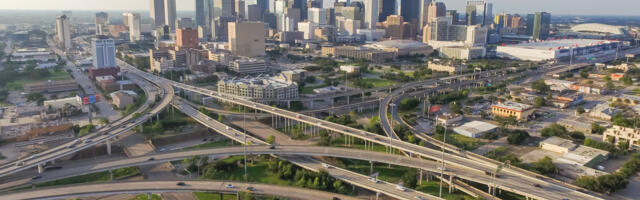 Texas Is Moving These Interstates And It's Going To Take More Than A Decade To Do It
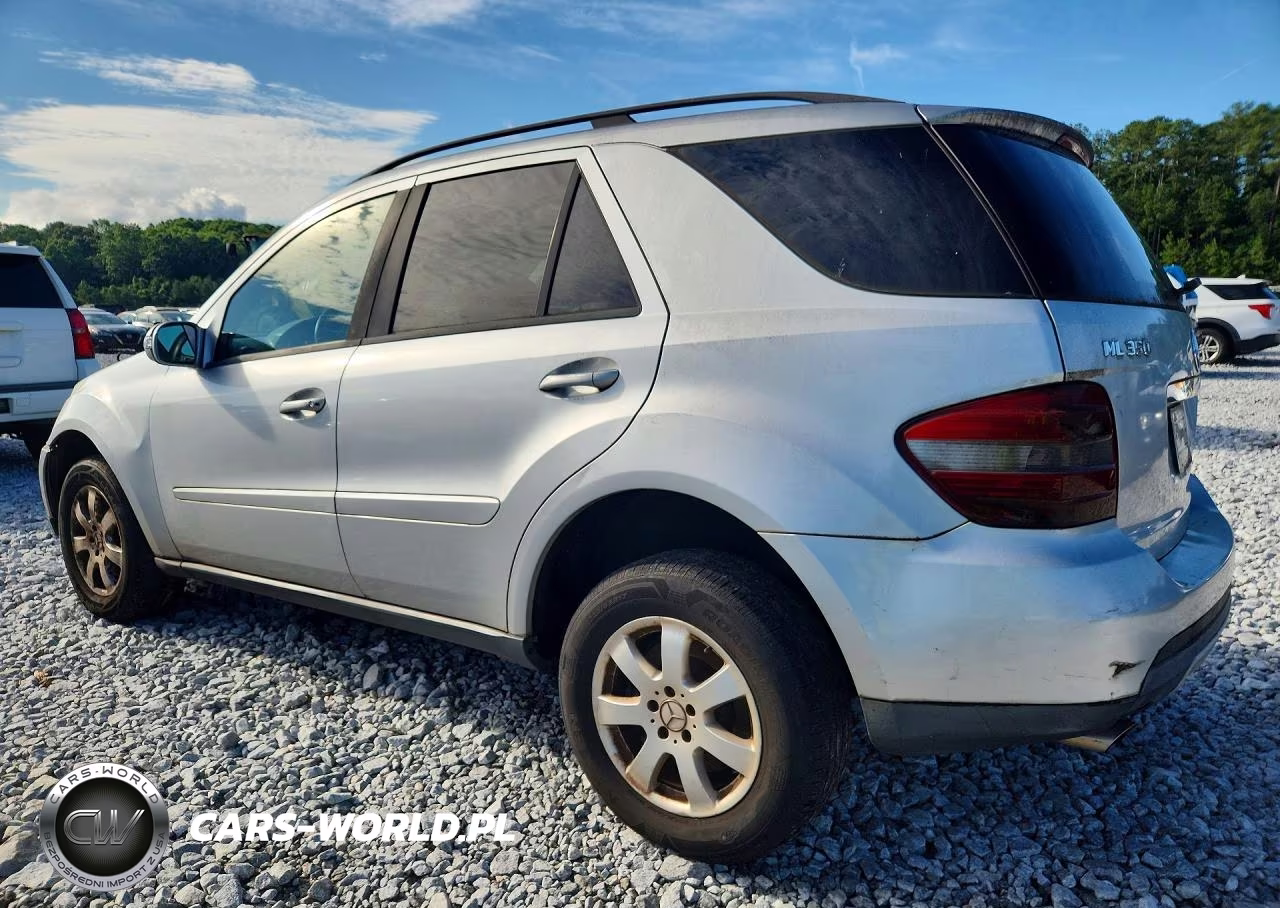 2006 Mercedes-Benz Ml 350 VIN:4JGBB86E36A073754 - 2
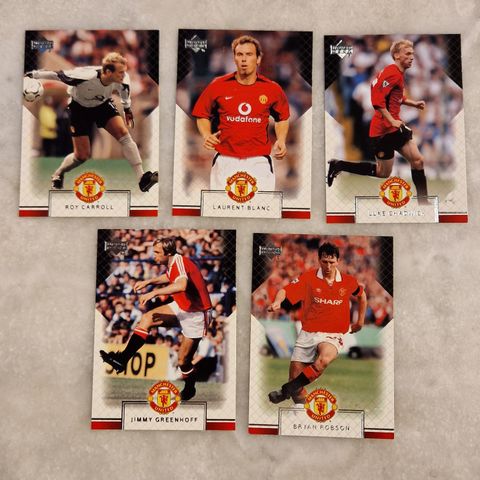 Manchester United 2002 Upper Deck Robson Greenhoff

──────

What is expected >> The expected output is the lines from the line that contains "2006 Mercedes-Benz Ml" through the last line of the material, reproduced exactly, with both ends present and pictures absent.

Result for this exercise >>
 2006 Mercedes-Benz Ml 350 VIN:4JGBB86E36A073754 - 2
 Manchester United 2002 Upper Deck Robson Greenhoff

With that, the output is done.